Basically 1/1 = 1 , x / x = 1, anything/anything = 1 , nothing/nothing = 1 ;

sinx / x for x = 0 is 0/0 so its 1

thats one interpretation

 

[Ali92l]

If you use 0; You get an incorrect answer ...

only interpretation =)

 

[lyounamu]

well i'm off as well then, i'll do it again



i dont even know how i got 456.41 because when i used my formula again i got like $1k+
but i figured how to get that answer, instead of the beginning of the formula being PR⁽ⁿ⁺¹⁾ , if its just PRⁿ then u get $545 to the nearest dollar

edit: i see how u got $561 but i still dont understand how to get $545 yet. u get 561 if u assume the money is withdrawn before the interest is calculated that year.

I don't think

we do 10000 x 1.03^(n+1) ....rest is you know, follows the first one.

Shouldn't it just be 10000 x 1.03^(n)....because whenever you get interest you pay once to the award night?

But still, my answer is wrong...so I cannot really prove the credibility of my logic..

 

[lyounamu]

I sought out help from a buddy doing ext 2

Basically 1/1 = 1 , x / x = 1, anything/anything = 1 , nothing/nothing = 1 ;

sinx / x for x = 0 is 0/0 so its 1

I knew that.

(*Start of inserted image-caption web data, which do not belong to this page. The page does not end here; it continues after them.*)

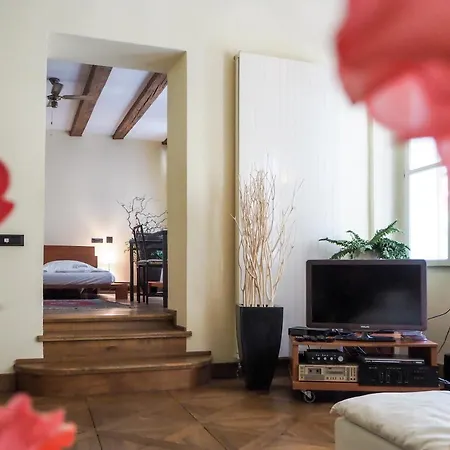 Karlova - Old Town Appartement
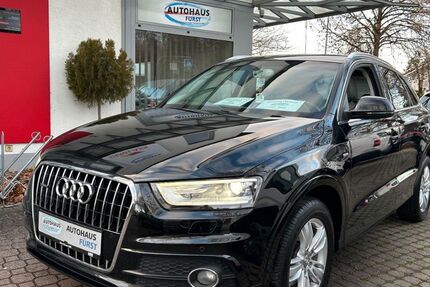 Audi Q3 177.800 km 14.850 € Fürstenfeldbruck (Kreisstadt MÜNCHEN) 82256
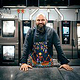 Businessfotografie, Imagefotografie, Werbefotografie, Businessporträt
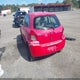 JTDJT923675032763 2007 Toyota Yaris auction photo thumbnail 3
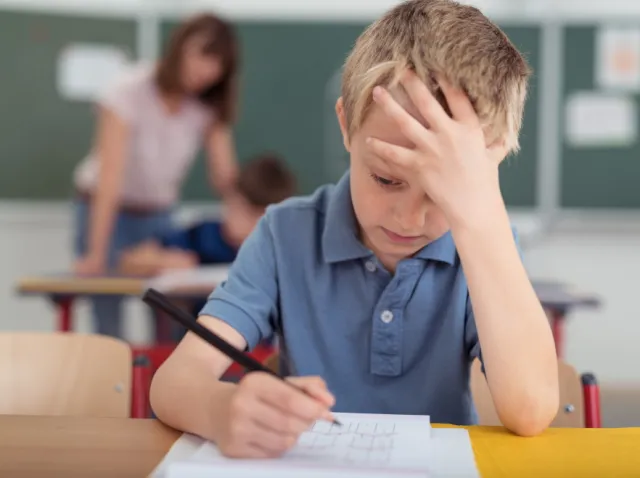 Pandemia sprawiła, że niemieccy uczniowie stali się mniej inteligentni? [BADANIE]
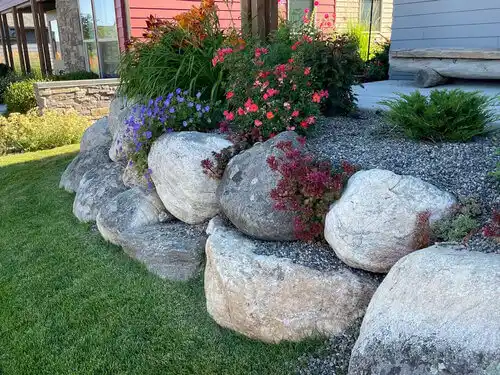 landscaping services North Yelm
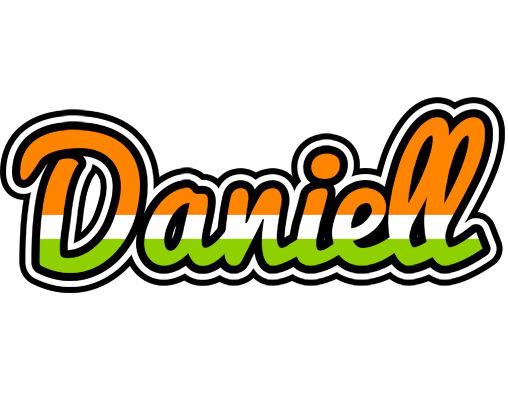 Daniell mumbai logo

I knew that as x -> 0, sinx/x becomes 1. But here, they didn't say that x -> 0. They only said that x = 0. In the solution, they just told us to "assume" that x -> 0.

And 0/0 is nothing, it undefined. What your mate would have said is that, as x -> 0, it becomes like 0.whatever/0.whatever = 1

 

[Timothy.Siu]

I don't think

we do 10000 x 1.03^(n+1) ....rest is you know, follows the first one.

Shouldn't it just be 10000 x 1.03^(n)....because whenever you get interest you pay once to the award night?

But still, my answer is wrong...so I cannot really prove the credibility of my logic..

but isn't the fund in for one year b4 u take the money out for award night

 

[lyounamu]

but isn't the fund in for one year b4 u take the money out for award night

Well, yes but the frequency must be same.

If you see, for every award night, you times 1.03

So for 1st award night, it's 10000 x 1.03 - P (there is one)
Then

2nd award night, it's 10000 x 1.03^2 - P (1+1.03) (there are two here)

3rd award...rest should be conformed.

I used that method for part 1 and 2 of the questions and I was correct. (The first question is actually 3 -part question)

 

[Timothy.Siu]

i'm not sure then, just hope a question like that isn't in the exam then? lol

 

[Ali92l]

I knew that. I knew that as x -> 0, sinx/x becomes 1. But here, they didn't say that x -> 0. They only said that x = 0. In the solution, they just told us to "assume" that x -> 0.

And 0/0 is nothing, it undefined. What your mate would have said is that, as x -> 0, it becomes like 0.whatever/0.whatever = 1

Make a rough sketch and see what would give you a more valid answer; Answers aren't always right and if you do use 0; your estimate using the trapezoidal rule would be way off.